Déclarations de Jacques Cheminade

Sur le cas Céline : au-dessous du chat Bébert

lundi 24 janvier 2011, par Jacques Cheminade

Déclaration de Jacques Cheminade


Paris, le 24 janvier 2011 — Nicolas Sarkozy et Frédéric Mitterrand ont donc écarté Louis-Ferdinand Céline du Recueil des Célébrations nationales , sa présence ayant été jugée incompatible avec « les valeurs fondamentales de la nation et de la République » . Autant l’inscription de ce nom sur le Recueil, que le fait même de l’existence de ce Recueil et la décision de radiation, me paraissent témoigner du caractère politiquement dérisoire et intellectuellement subalterne de nos « élites » politiques et intellectuelles.

Tout d’abord, contrairement à l’opinion des uns et des autres, je suis certain que Céline n’est pas un grand écrivain. En effet, sa façon de s’exprimer n’est que le reflet gouailleur de la marche à l’abîme, au bout de la nuit, d’une culture. De plus, ses écrits antisémites et la violence rageuse à laquelle il soumet le langage ne sont que les deux faces d’un seul et même existentialisme, qui magnifie la violence verbale et physique et reflète les égarements du XXe siècle.

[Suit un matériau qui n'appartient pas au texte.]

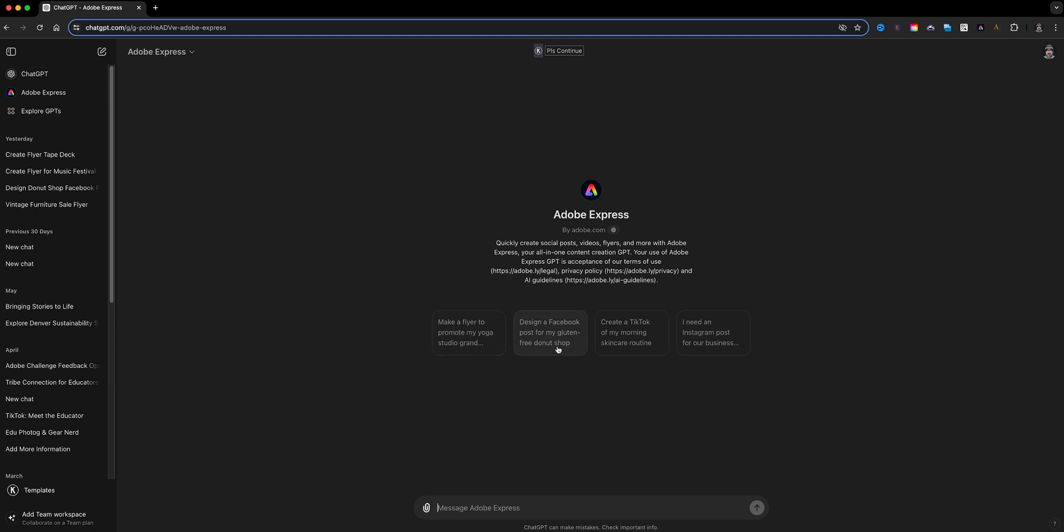So here I have the Adobe Express GPT opened up and you have some examples here to get started. Now what you want to do is in the prompt area here, you want to type in what you're looking for.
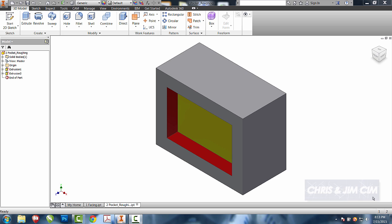In the second tutorial of our HSM videos, we're going to do a simple roughing operation for this pocket that we have here.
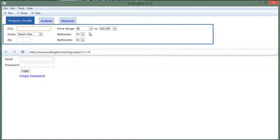If we happen to be wrong about that and you would prefer that we do save city, state and these criteria as well then please do me a favor, send me an email to support at birddogbot.com and we'll take a look and see what the user base is requesting. If it turns out that we're wrong and you would like us to save these settings as well we're more than happy to add those for you in the next version that comes out.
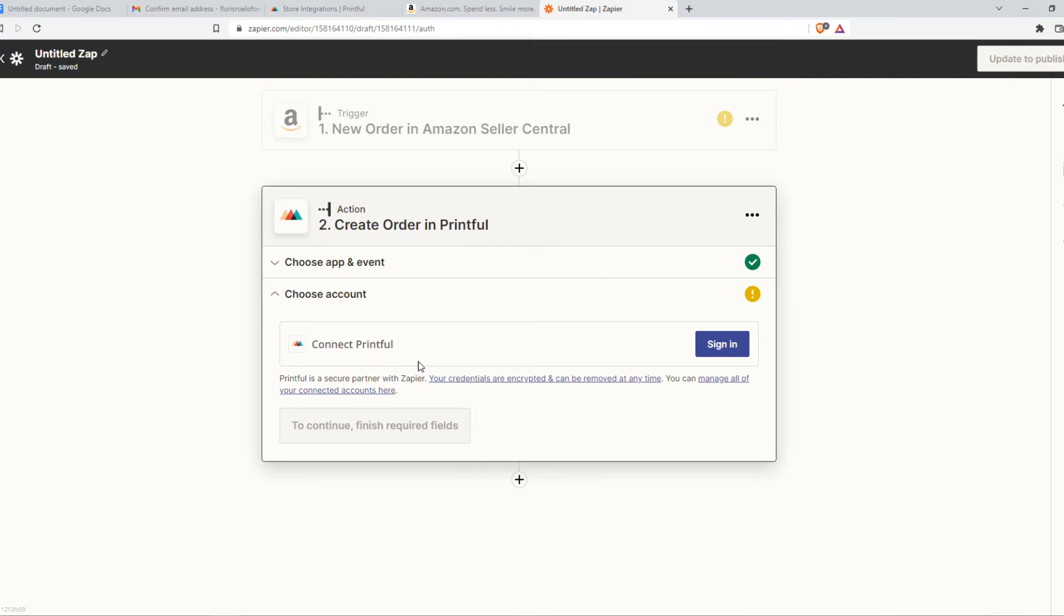From there, once you've done that and basically completed this Zap, it will be automatically completed. So you don't have to do anything. Everything will be automated by Zapier.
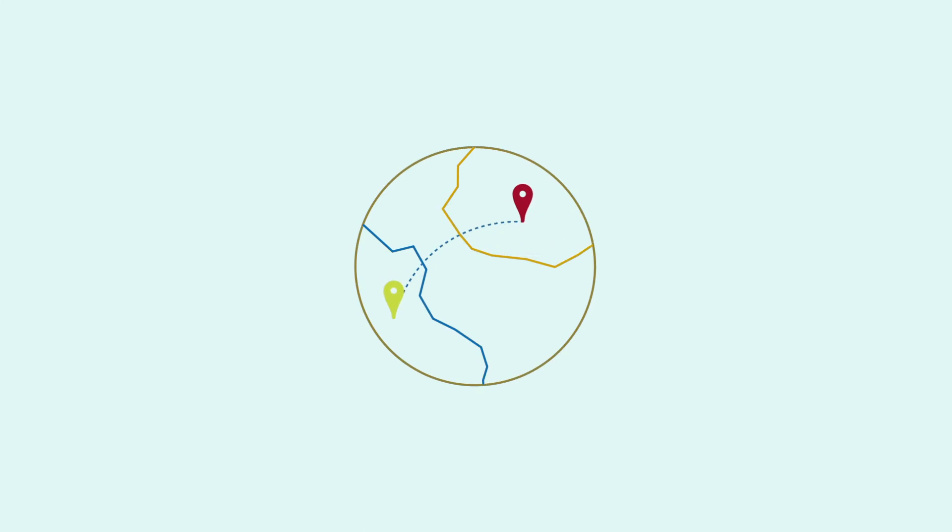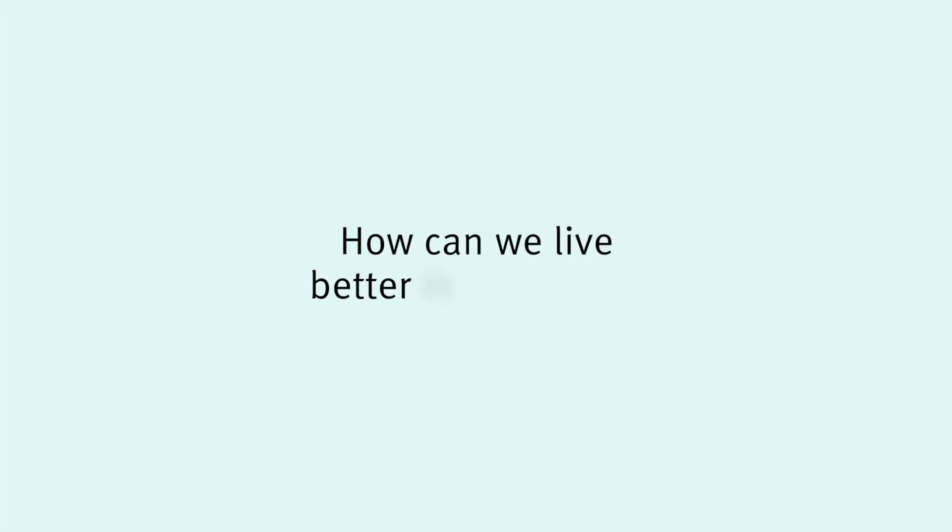And what drives us at ZEW? This very question. How can we live better in the future?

Il est ensuite révélateur du comportement double de nos « élites » que Louis-Ferdinand Céline soit l’un des écrivains préférés de Nicolas Sarkozy, à un point tel que ses collaborateurs s’étaient cotisés, à un précédent Noël, pour lui offrir une de ses lettres manuscrites. Peut-on en même temps admirer Céline et condamner l’antisémitisme ? La réponse est « oui » si l’on est prêt à considérer la réalité humaine à partir d’une agglomération libérale de particularités, mais certainement « non » si l’on défend sans compromissions un humanisme intégral.

N’est-ce pas le Traité Avoth (Pères), I, 15 qui nous enjoint de recevoir « tout homme avec un beau visage »  ? Pour moi, celui de Céline est le visage même d’une laideur triste et désespérée, dans sa vie comme dans son œuvre. Interrogeons-nous donc sur ceux qui en admirent un aspect en prétendant rejeter l’autre.

Enfin, je trouve dérisoire qu’on établisse un recueil des célébrations nationales, comme si notre pays avait quelque chose à prouver en constituant un catalogue hétéroclite. Que ceux qui l’ont établi aient d’abord inclus le nom de Céline, puis « rétrogradent » par opportunisme, les met par deux fois au-dessous du niveau moral du chat Bébert.

Au cœur de la désintégration financière et de la décomposition politique du monde, il y a vraiment autre chose à faire.